The Conservatives and Labour are both committed to replacing the ageing Trident system - Britain's continuous at-sea nuclear submarine force.

But the SNP - which has said it would work with Labour in order to keep the Conservatives out of government after the 7 May general election - opposes renewing Trident and calls the issue a "red line".

Mr Fallon suggested the nuclear weapons system could be at risk if Labour won and did a "grubby deal" with the SNP "to get into Downing Street" - something denied by Labour.

His comments were also criticised by the Lib Dems and UKIP.

But Mr Cameron said Mr Miliband was "playing fast and loose" with Britain's security.

"I think that is a really serious issue and that's why Michael Fallon is absolutely right this and, yes, raise it in a pretty frank way as he did today," he added.

Chancellor George Osborne and Work and Pensions Secretary Iain Duncan Smith also agreed with the defence secretary.

Lib Dem leader Nick Clegg described it as "really nasty language" while his colleague Vince Cable told the BBC it was an "appalling way to conduct the debate".

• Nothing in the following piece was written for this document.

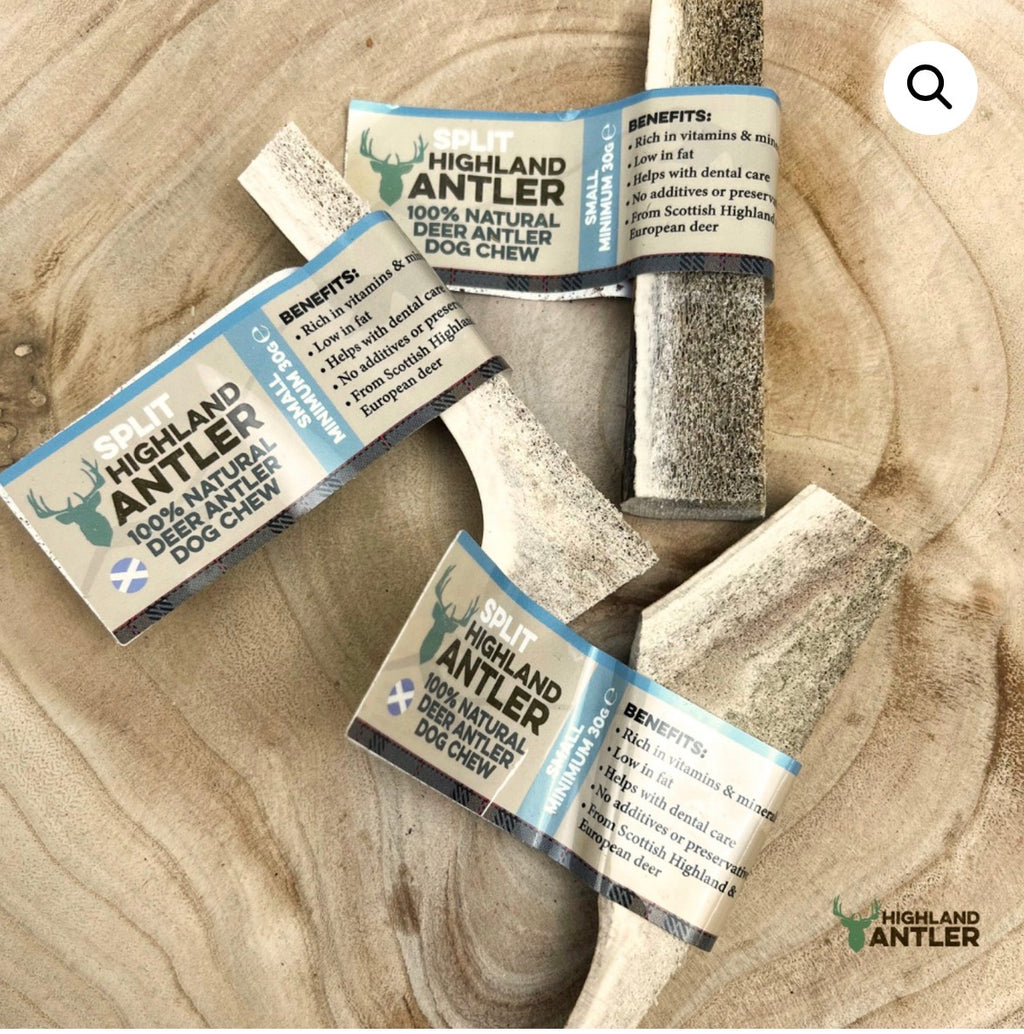 Split Antlers - 4 Sizes Available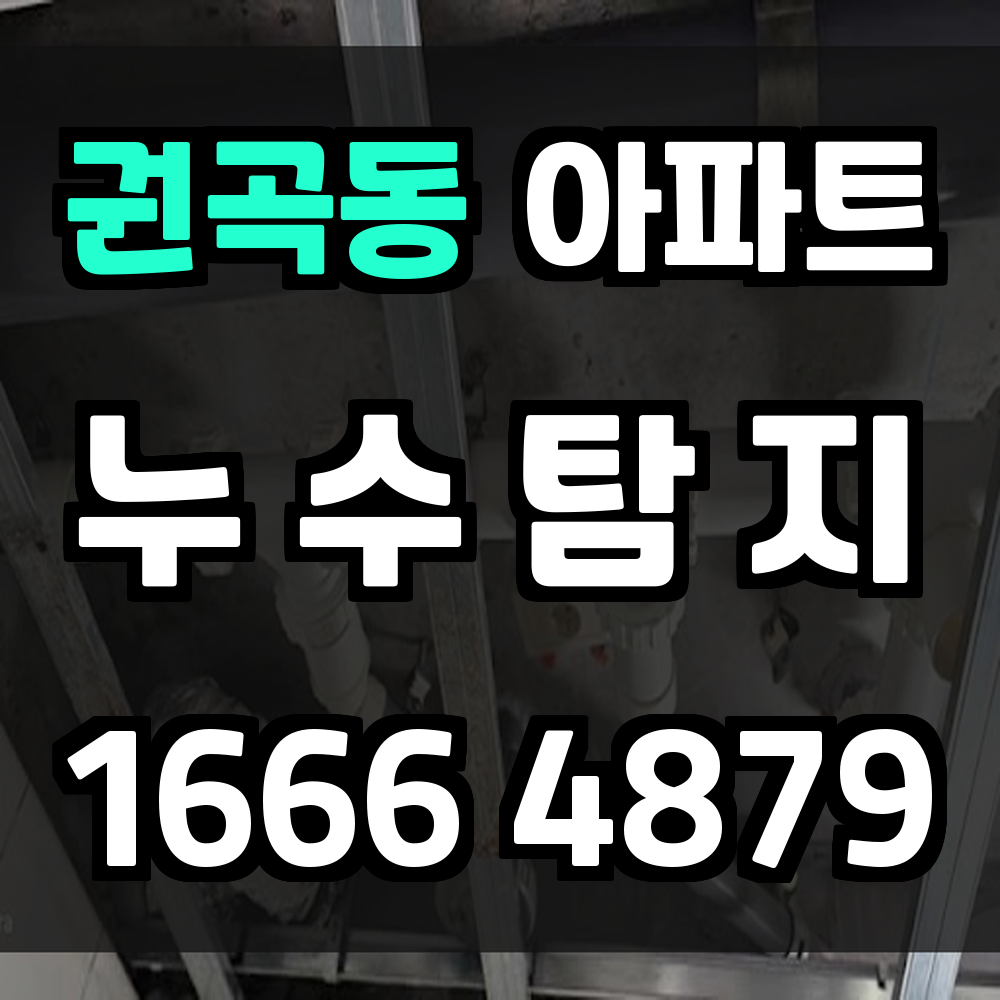 권곡동 아파트 누수탐지로 생활공간을 더 안전하게 지키세요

Hitting back, Mr Miliband said: "Michael Fallon is a decent man. But today I think he has demeaned himself and he has demeaned his office. National security is too important to play politics with."

He said Mr Cameron had "nothing positive to say about the future of the country": "He sends out his minions like Michael Fallon to engage in desperate smears. I think Conservatives today, decent Conservatives right across our country... will say 'come on, we're better than this kind of politics'."

Asked if had gone too far, Mr Fallon told the BBC it was an "issue of trust and of leadership" and denied the comments were a misjudgement on his part.

Labour has suggested the possibility of reducing the number of submarines from four to three if a continuous deterrent could be maintained, although Mr Miliband said their position at the moment was to stick with four.

The Liberal Democrats favour cutting to three, saying the existing system was designed for the Cold War era.

SNP Leader - and Scotland's First Minister - Nicola Sturgeon said any formal arrangement between the SNP and Labour would require a commitment not to renew Trident. Otherwise she said the party would "vote on a case-by-case basis and we will never vote for anything that's about renewing Trident".